Start of Data shown

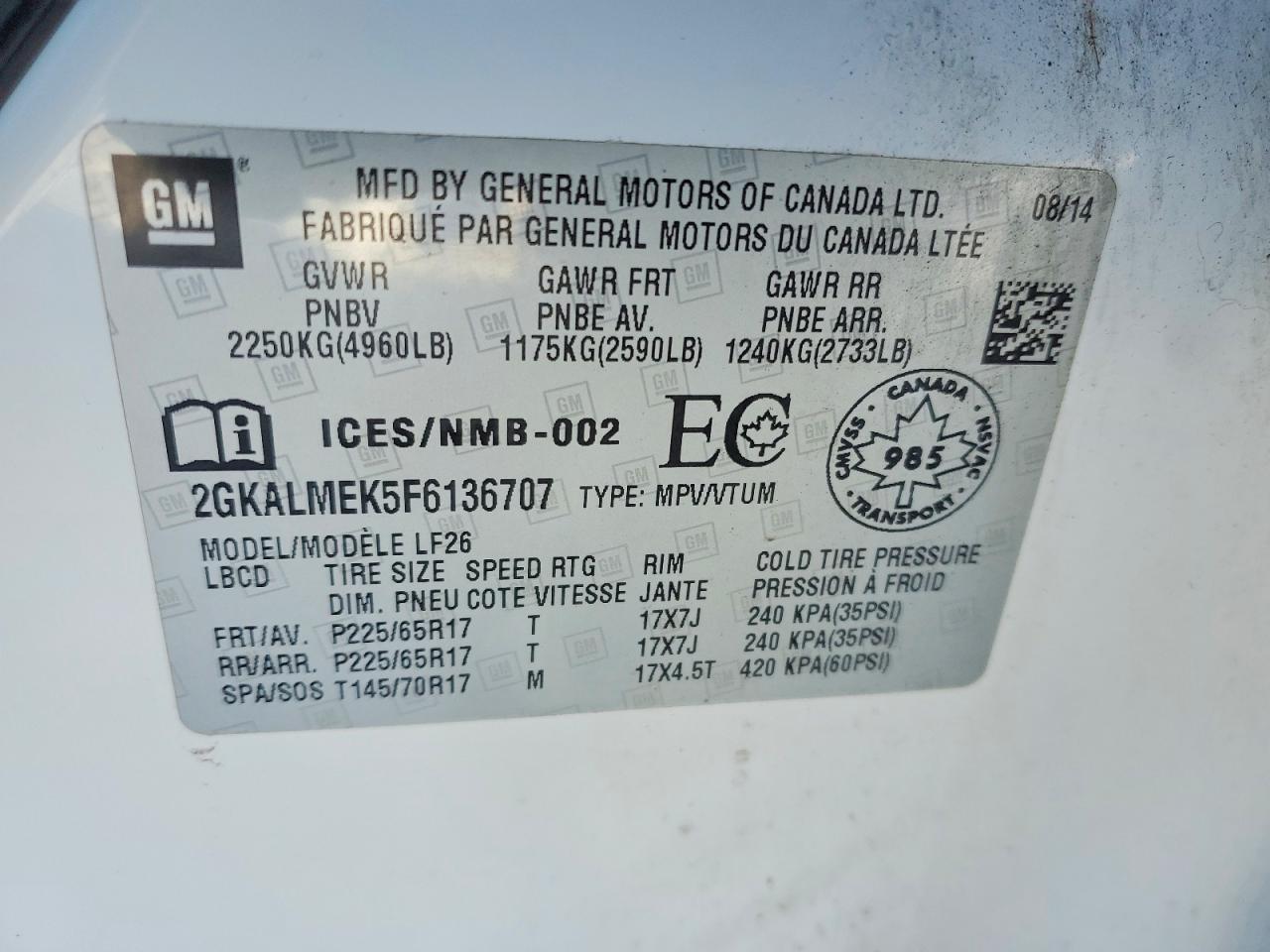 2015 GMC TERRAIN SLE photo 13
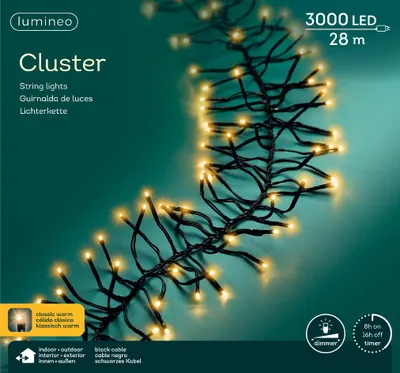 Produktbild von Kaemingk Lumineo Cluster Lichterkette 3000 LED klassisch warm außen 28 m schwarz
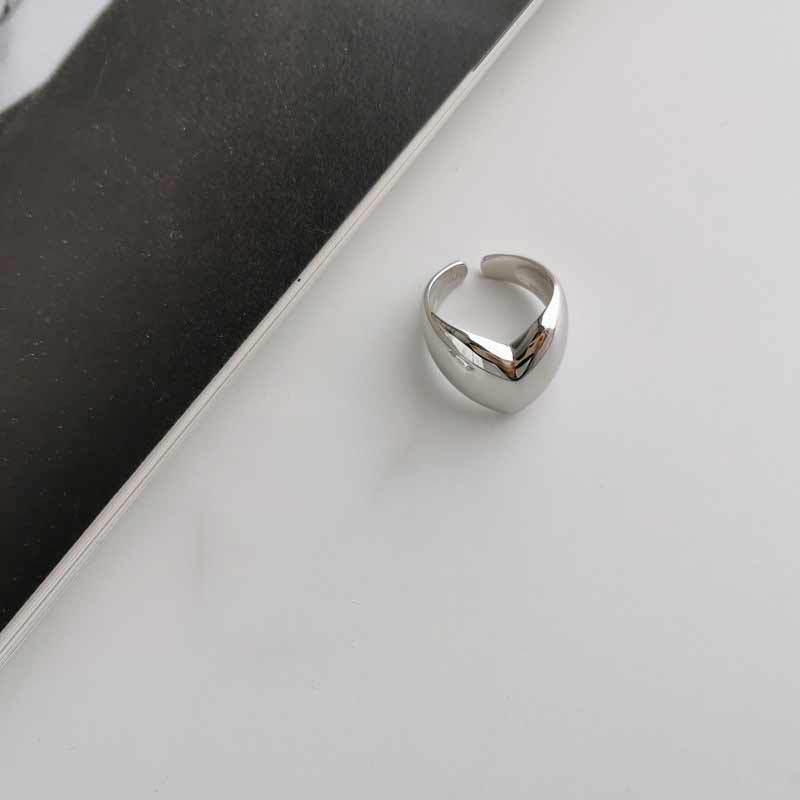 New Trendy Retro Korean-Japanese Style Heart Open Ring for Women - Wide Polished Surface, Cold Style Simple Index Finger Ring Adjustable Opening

End of Data shown

» **Activity**: Repeat the data verbatim, excluding all pictures.

» **Worked solution**:
 2015 GMC TERRAIN SLE photo 13
 Produktbild von Kaemingk Lumineo Cluster Lichterkette 3000 LED klassisch warm außen 28 m schwarz
 New Trendy Retro Korean-Japanese Style Heart Open Ring for Women - Wide Polished Surface, Cold Style Simple Index Finger Ring Adjustable Opening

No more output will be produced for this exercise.